----- Extracted information -----

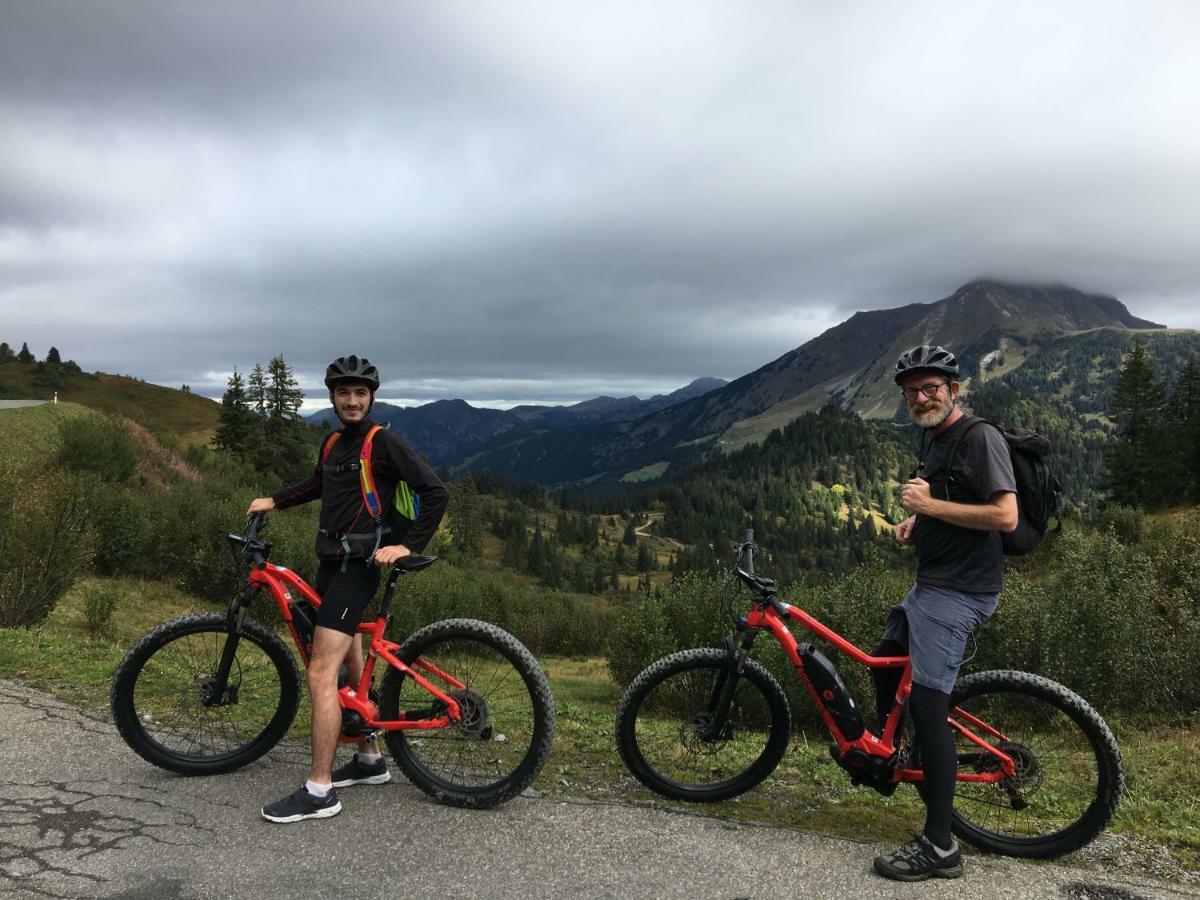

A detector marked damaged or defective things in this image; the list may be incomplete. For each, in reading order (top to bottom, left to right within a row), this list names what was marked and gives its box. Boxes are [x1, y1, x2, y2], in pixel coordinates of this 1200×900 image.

cracked asphalt road [0, 684, 1192, 900]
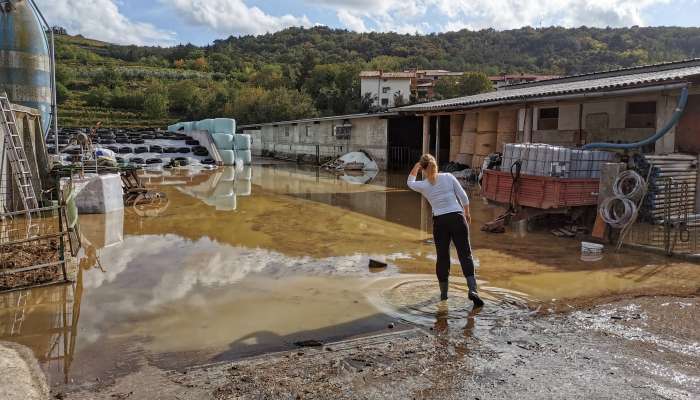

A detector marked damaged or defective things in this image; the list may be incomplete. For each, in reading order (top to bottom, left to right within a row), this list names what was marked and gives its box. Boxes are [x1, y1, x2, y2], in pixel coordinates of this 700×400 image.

flood damage [1, 161, 700, 398]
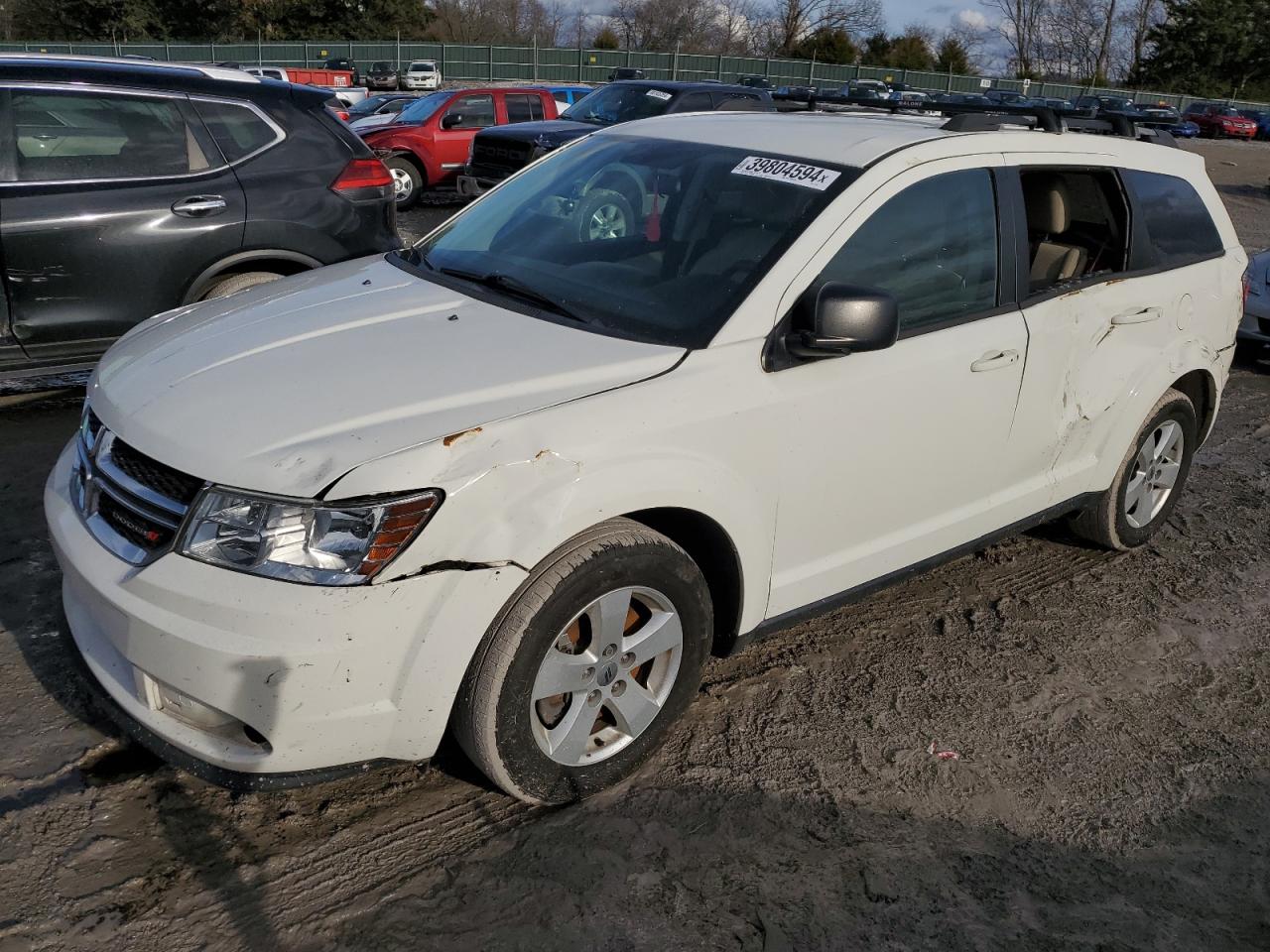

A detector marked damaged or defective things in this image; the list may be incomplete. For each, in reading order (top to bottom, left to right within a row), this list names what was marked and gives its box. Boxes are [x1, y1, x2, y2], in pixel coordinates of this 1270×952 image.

rust spot on fender [446, 431, 484, 449]
damaged white suv [45, 107, 1244, 801]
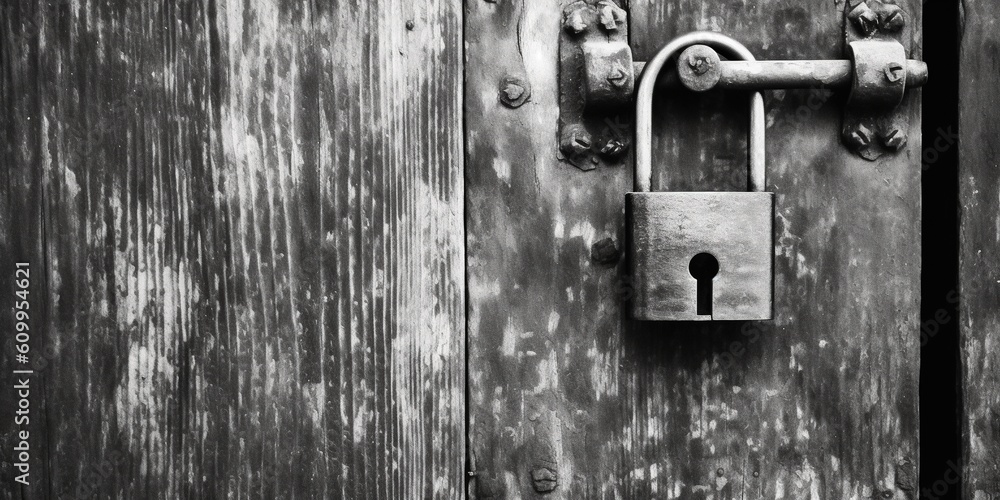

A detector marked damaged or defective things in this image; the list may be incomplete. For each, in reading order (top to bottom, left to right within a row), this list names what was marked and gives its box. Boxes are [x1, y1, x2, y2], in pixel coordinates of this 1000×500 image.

rusty padlock [628, 32, 776, 320]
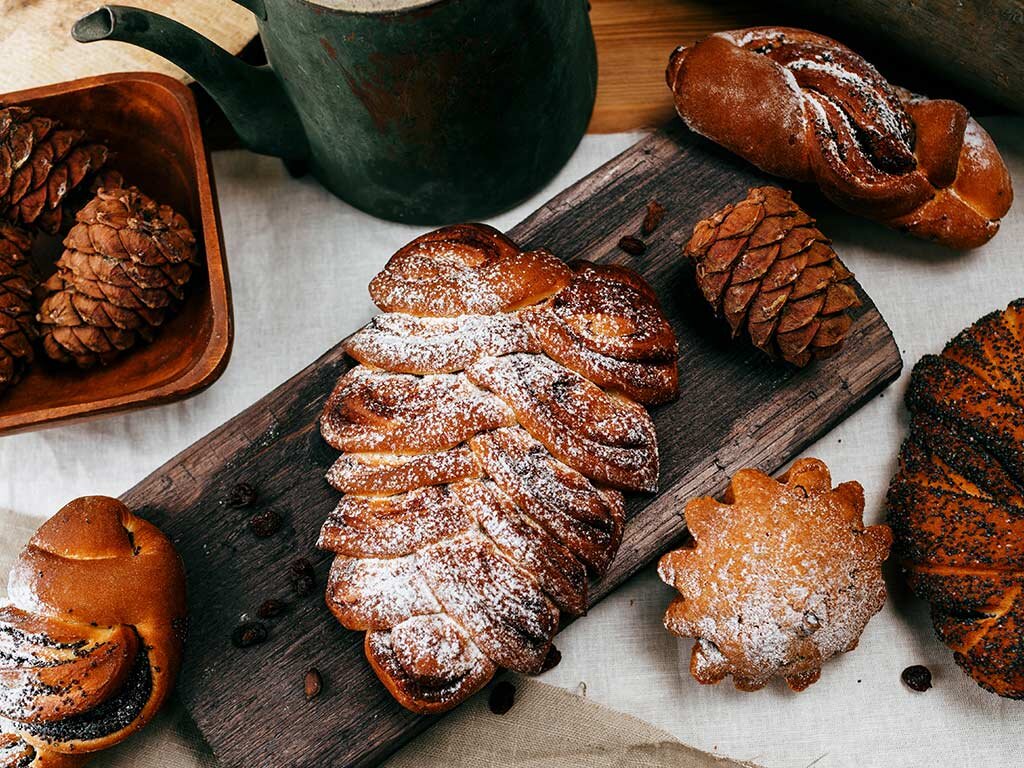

-----

▸ Exercise aim:
Please write out the lines from the one that holds "this 1270×952 image." through the end of the material, both ends included, exactly and with no pictures.

▸ Expected answer:
A detector marked damaged or defective things in this image; the list may be incomplete. For each, in reading order (top to bottom, left to right within a row), this list names what was marked and gives its box. Boxes are [x1, y1, x2, y2], in pixel coordinates of this 1270×952 image.

rust spot on fender [446, 431, 484, 449]
damaged white suv [45, 107, 1244, 801]

A detector marked damaged or defective things in this image; the list may be incomplete. For each, in reading order (top to bottom, left to right within a row), this list names what was marked and gives its box. Boxes are [x1, y1, x2, y2], in pixel coordinates of this 1000×500 image.

rusty padlock [628, 32, 776, 320]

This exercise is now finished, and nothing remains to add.